Several theories, nothing proven: The exact pathophysiological mechanisms behind syrinx formation remain poorly understood, but several theories have been proposed, particularly for Chiari-associated syringomyelia. It is likely that, given the different etiologies, there exist different mechanisms responsible for syringomyelia.
Hydrodynamic theory: In the late 1950s, Gardner proposed his hydrodynamic theory, which was expanded in the 1970s. This theory attributes Chiari I-related syrinx formation to a constantly pulsating CSF flow through the obex opening and into the spinal cord in the presence of compression of posterior fossa structures and closure of the lateral fourth ventricular foramina (62, 72, 73).
Williams’s modification of Gardner’s theory: On the basis of a series of invasive measurements of cranial and spinal pressures, Williams proposed a similar theory in which hindbrain adhesions could result in epidural venous congestion, leading to transient pressure differentials between the cranial and spinal compartments, particularly during Valsalva maneuvers. This, in turn, would cause a delay of caudad CSF flow, while normal cranial flow is maintained. As a result, fluid is “sucked” from the ventricle into the central canal (63).
Piston theory of Oldfield: Oldfield, using dynamic MRI observations and intraoperative ultrasound information, further expanded the perivascular CSF dissection theory as he postulated that the downward displacement of CSF into the spinal cord and subarachnoid space happens routinely and not only during Valsalva maneuvers. According to his group, normal CSF pulsations provide a more or less continuous reason for fluid to enter the spinal cord, and the displaced cerebellar tonsils act like a piston as they are propelled caudally with systole, thus creating a pressure wave within the entrapped subarachnoid space and syrinx (63).
Venous compression theory: A more recent theory combines some of the above-mentioned concepts and explains syrinx formation as a result of increase in hydrostatic venous pressure that results from epidural vein compression at a particular location in the spinal cord depending on the exact etiology and that in turn results in transudation with accumulation of extracellular fluid and inability to drain. The fluid buildup causes progressive cyst enlargement. This cyst may or may not communicate with the central canal. One of the most important features of the venous congestion theory is that it might explain syrinx formation due to most causes, unlike the previous theories that mainly referred to posterior fossa/foramen magnum pathology (17, 47).

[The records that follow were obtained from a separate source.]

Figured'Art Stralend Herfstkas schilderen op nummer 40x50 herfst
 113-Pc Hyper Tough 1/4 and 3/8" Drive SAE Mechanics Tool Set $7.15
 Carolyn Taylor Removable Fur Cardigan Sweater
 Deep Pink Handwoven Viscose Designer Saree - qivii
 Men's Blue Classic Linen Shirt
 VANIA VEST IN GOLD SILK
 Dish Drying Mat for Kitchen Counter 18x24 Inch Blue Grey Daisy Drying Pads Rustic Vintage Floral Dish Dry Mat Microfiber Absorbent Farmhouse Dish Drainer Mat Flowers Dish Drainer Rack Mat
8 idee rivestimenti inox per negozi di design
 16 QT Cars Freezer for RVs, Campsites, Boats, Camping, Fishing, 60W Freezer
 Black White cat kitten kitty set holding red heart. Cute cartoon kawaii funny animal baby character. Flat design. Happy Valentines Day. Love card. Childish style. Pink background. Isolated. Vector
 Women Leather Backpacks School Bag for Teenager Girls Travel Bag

Enlarged spinal cord: Macroscopically, the spinal cord often appears enlarged, tense, and with no leptomeningeal thickening.
Etiology influences location: Location of the syrinx depends on the etiology, as syringomyelia related to a cranial abnormality such as Chiari I malformation tends to occur in the cervical region, while syringomyelia associated with tethered cord or a more distal abnormality tends to occur in the lower third of the spinal cord (terminal syringomyelia).
Indirect evidence for genetic factors: Existence of familial cases indicates possible genetic factors, but no clear associations have been described. This is particularly true in Chiari-related syringomyelia (48, 49).
Effacement and thinning of long tracts: In transverse section, a syrinx typically crosses the midline. As it enlarges, it causes effacement of the grey matter located anteriorly with the anterior motor neurons remaining visible ventrally and thinning of the posterior and lateral columns (50). Pressure from within the fluid-filled cavity can damage traversing nerve fibers and cause retrograde degeneration and damage to motor and sensory tracts.
Degeneration and gliosis: Walls of the cavity may contain degenerated neuroglia and neural elements as well as sheaths of Schwann cells. Astrocytic hyperplasia is present in more chronic cavities, and these cavities may have collagen-lined septations with hyalinized blood vessels traversing them. These can give a septated appearance on imaging (50).